Cut the unidirectional prepreg by the epoxy resin compositions of Examples 1 to 5 and Comparative Examples 1 and 2 obtained by the above method, and then laminate to produce a molded plate, and the obtained composite material CAI The perforated plate compressive strength at room temperature and high temperature conditions after moisture absorption was evaluated. The results are shown in Table 1. Both the CAI and the perforated plate compressive strength of the test pieces obtained in Examples 1 to 5 were high, but these values were low in the test pieces obtained in Comparative Examples 1 and 2. .

Claims (6)

An epoxy resin composition comprising at least the following component [A], component [B], and component [C],
30% by weight or more and less than 70% by weight of the total epoxy resin component in the epoxy resin composition is component [A], and 30% by weight or more and less than 70% by weight of the total epoxy resin component in the epoxy resin composition , A trifunctional or higher functional epoxy resin other than the component [A], the epoxy resin of the component [A] is N, N, O-triglycidyl-m-aminophenol, and the component [C] Ether sulfone or polyether imide [C1] and polyamide [C2], component [C] is 10 to 50% by weight of the total epoxy resin composition, and component [C1] is an epoxy resin composition 5 to 25% by weight of the total, and the component [C2] is 5 to 25% by weight of the entire epoxy resin composition, and the resin composition is cured under the following molding conditions.

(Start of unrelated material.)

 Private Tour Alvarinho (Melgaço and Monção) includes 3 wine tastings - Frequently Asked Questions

Cure Glass transition temperature (moisture absorption treatment before the glass transition _point, ^{T g dry)} at the 200 ° C. or higher, at room temperature conditions (25 ℃, 50% RH) in the flexural modulus as measured under the above 3.0 GPa, and bending A composite material obtained by molding and curing a prepreg obtained by impregnating a reinforcing fiber base material with an epoxy resin composition having physical properties such that the strength is 130 MPa or more .

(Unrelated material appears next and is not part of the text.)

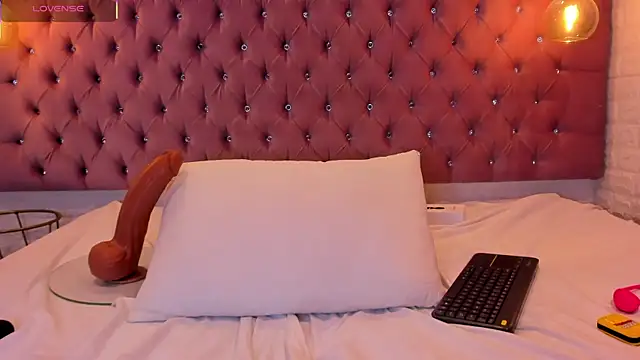 amber_sparkle webcam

Component [A]: epoxy resin represented by the following formula (1)

(In the above formula (1), Ar represents an aromatic group having 6 to 20 carbon atoms.)

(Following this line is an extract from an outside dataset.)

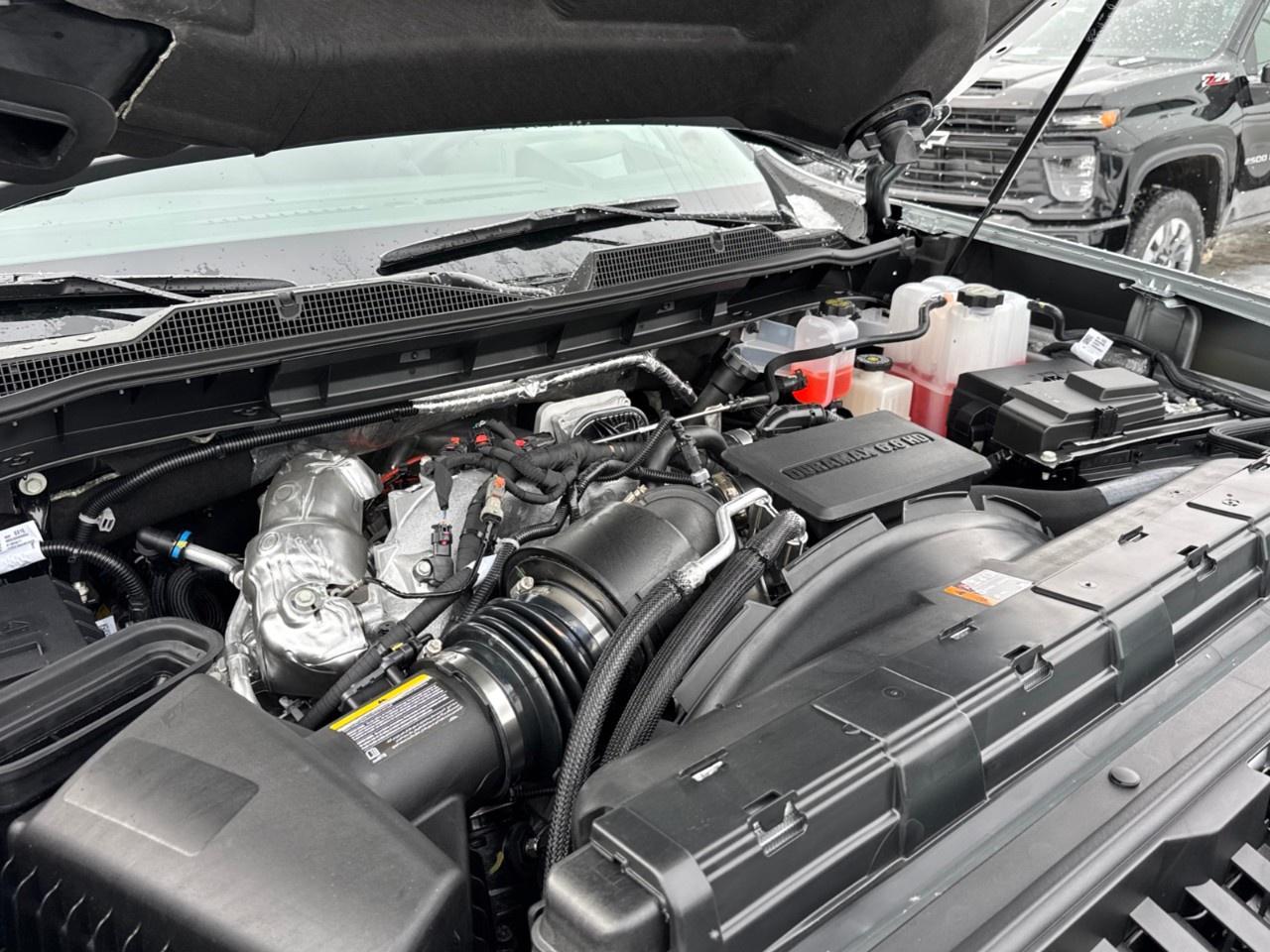 2026 Chevrolet SILVERADO 2500HD 4WD Crew Cab Standard Box LTZ Photo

Component [B]: 3,3'-diaminodiphenylsulfone Component [C]: Thermoplastic resin molding conditions: autoclave molding, pressure 0.49 MPa, temperature 180C, time 120 minutes The glass transition point (glass transition point after moisture absorption treatment, T _g ^wet ) after moisture absorption treatment (121 ° C., saturated vapor pressure, 24 hours) of the cured product under high temperature and high humidity conditions is 150 ° C. or higher. The composite material according to claim 1, wherein the composite material has physical properties . The cured product is subjected to moisture absorption treatment under high temperature and high humidity conditions (121 ° C., saturated vapor pressure, 24 hours), and then the flexural modulus measured at high temperature (82 ° C.) is 2.5 GPa or more and the bending strength is 70 MPa. The composite material according to claim 1, wherein the composite material has physical properties as described above . The composite material according to any one of claims 1 to 3 , wherein the reinforcing fiber substrate is a carbon fiber. The composite material according to any one of claims 1 to 3, wherein the reinforcing fiber base is a unidirectional carbon fiber sheet. The composite material according to any one of claims 1 to 3, wherein the reinforcing fiber substrate is a carbon fiber woven sheet or a woven sheet composed of a plurality of types of fibers.